To insert a state slicer into our report, complete the following steps.
Notice in this image I've also cleaned up the visualization. I've added a title as a text box, and tweaked the text for axes and titles in the visualizations to convert them from potentially uninformative variable names to more descriptive, English-language explanations. Any one of these changes by itself is not significantly impactful, but the whole is definitely more than the sum of the parts, since the dashboard now appears professional and ready for use by domain experts who are not necessarily visualization or Power BI savvy.
The final step is to upload your work to the web. Similar to Tableau Public, this provides a method to easily share your dashboard through a web browser.
To publish to the BI website, make sure you've logged in with your Unity ID and password as describe in the Setup section. Next, Click on "Publish," which is in the "Share" region of the "Home" tab. BI Desktop will ask you if you want to save any changes you've made to the Dashboard, then ask you to "Select a destination." Choose "My workspace" and click "Select." Your report will be uploaded to the BI website, and you will be given options to "Open 'xxx.pbix' in Power BI" or "Get Quick Insights." If you click the "Open..." link, a web browser sheet will open containing your BI report.

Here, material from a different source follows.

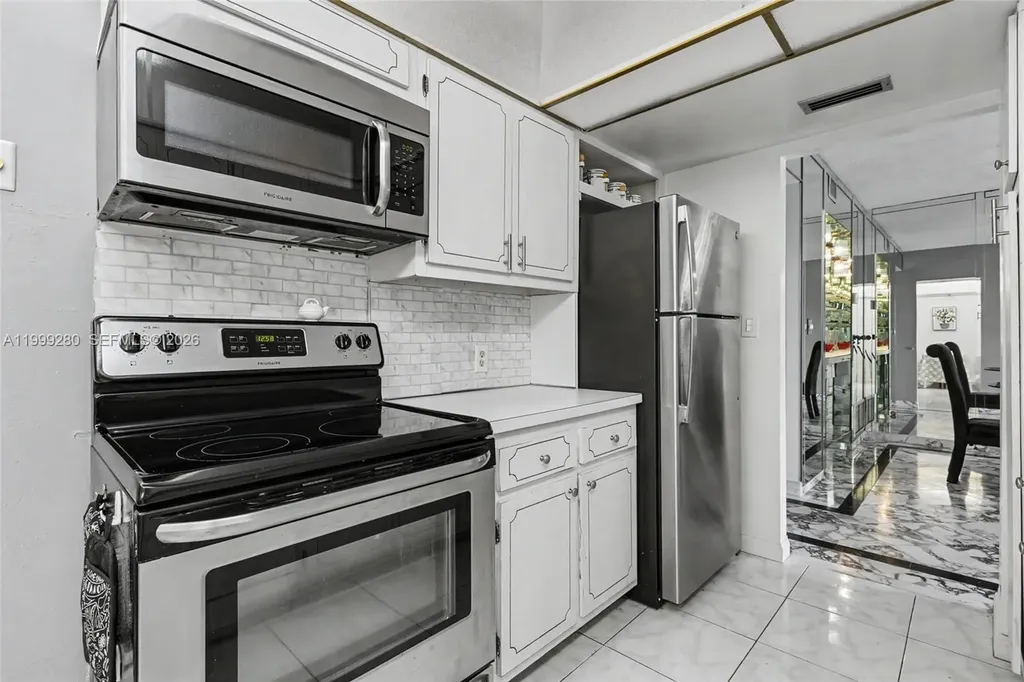 4330 Hillcrest Drive Hollywood FL 33021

Unfortunately, the ability to "Share" your dashboard is again restricted to Power BI Pro users. Providing the URL to the dashboard won't work, since you need to be logged into Power BI with your account credentials in order to access the dashboard. However, this does give you the ability to demonstrate dashboards from the web, which is useful in situations like external presentations, where the BI Desktop is unlikely to be installed on the machine you are using.

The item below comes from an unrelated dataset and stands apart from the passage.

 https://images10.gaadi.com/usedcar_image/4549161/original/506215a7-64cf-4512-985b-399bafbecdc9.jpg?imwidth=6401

This tutorial only begins to explain the power and flexibility of Power BI. You can use Power BI's online documentation to explore BI in more detail. You can also come to talk to me if you're having problems, and I can try to help you find instructions to construct the visualizations you want to build.

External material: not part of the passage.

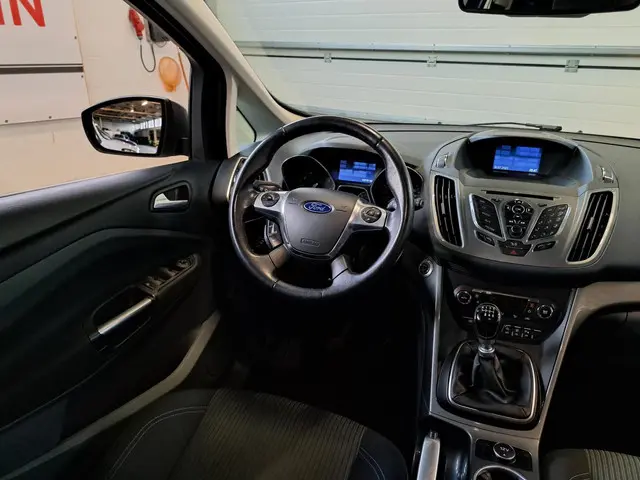 Ford C-MAX 1.0 Titanium 2014 Benzine 12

Also, remember that, just like Tableau, BI Desktop is a tool to allow you to build visualizations. Like any tool, BI doesn't necessarily guarantee that the visualizations you produce are good visualizations. Try to apply the design principles we discussed in the visualization lecture, to make sure your visualizations are clear, effective, and well structured. The default visualizations that BI provides are unlikely to offer this, since BI doesn't have your domain expertise and understanding of the data's context to decide how best to present it.